- **DATA LISTING**:
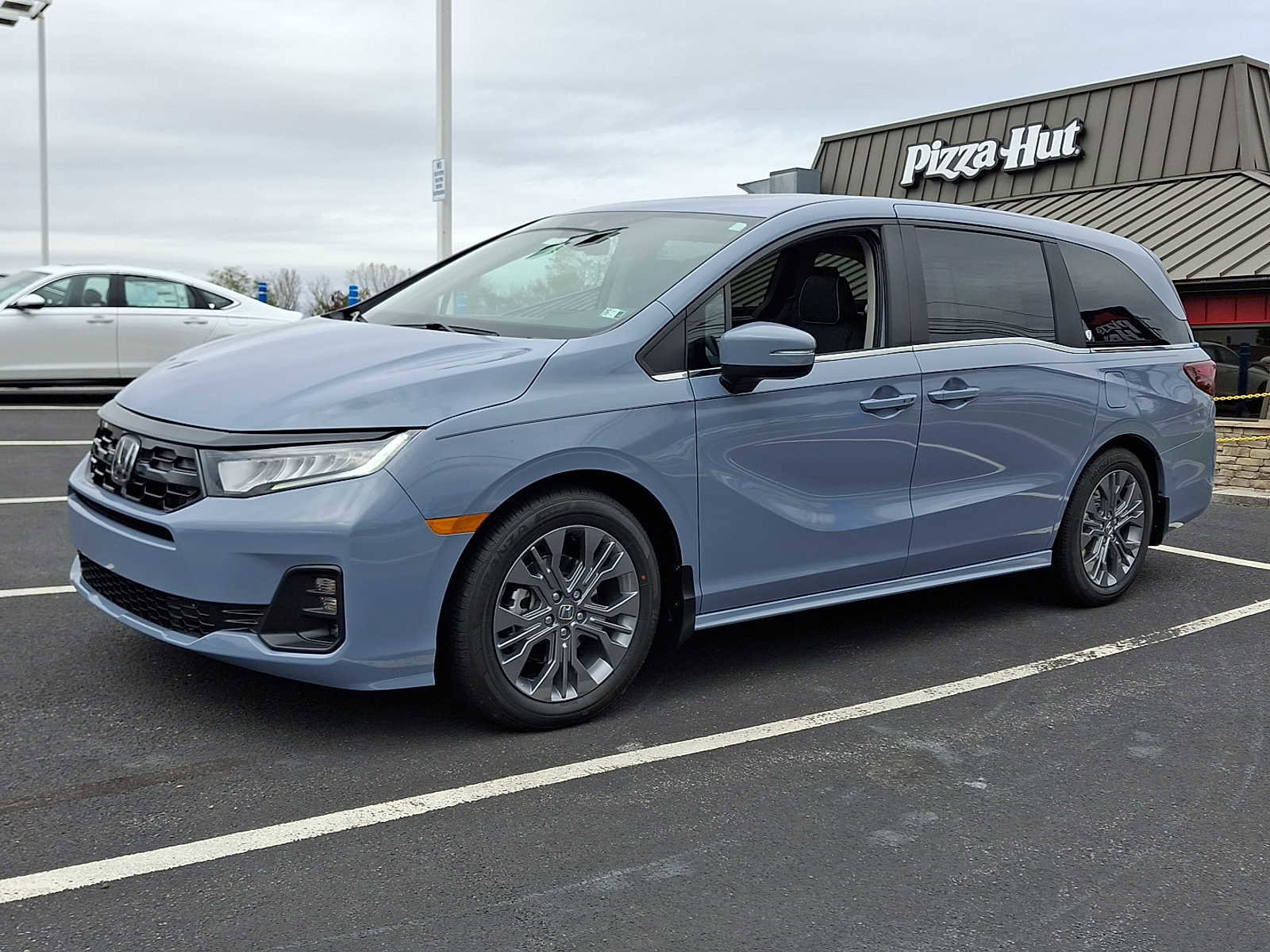 New 2026 Honda Odyssey Touring image 2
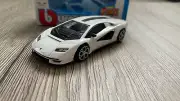 Lamborghini Countach LPI 800-4 in white 1:43 scale diecast Bburago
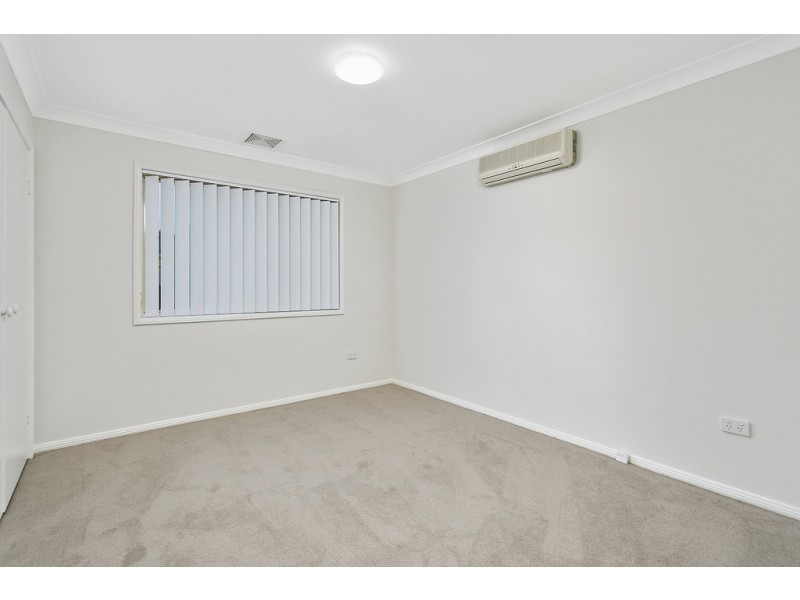 2/12 Borang Place, Flinders NSW 2529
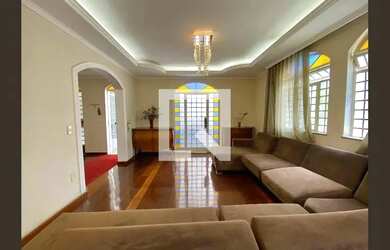 Imagem 3: Casa à Venda - Ouro Preto, 5 Quartos, 380 m2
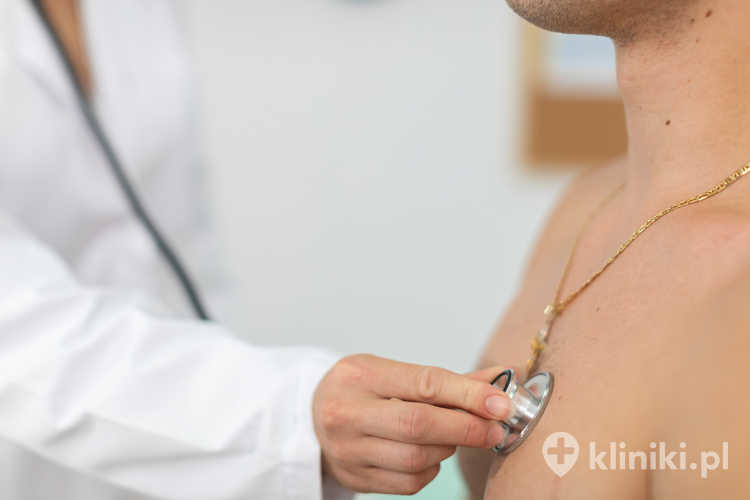 Lekarz bada pacjenta przed zabiegiem chirurgicznego zmniejszenia piersi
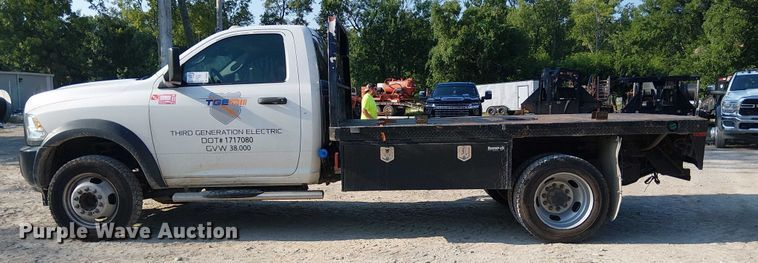 image for item DS3857 2018 Dodge Ram 5500 flatbed truck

- **WORK INSTRUCTION**:
Going from the line that holds "Lekarz bada pacjenta" to the end of the listing above, copy each line exactly and nothing more, leaving pictures aside.

- **TASK SOLUTION**:
 Lekarz bada pacjenta przed zabiegiem chirurgicznego zmniejszenia piersi
 image for item DS3857 2018 Dodge Ram 5500 flatbed truck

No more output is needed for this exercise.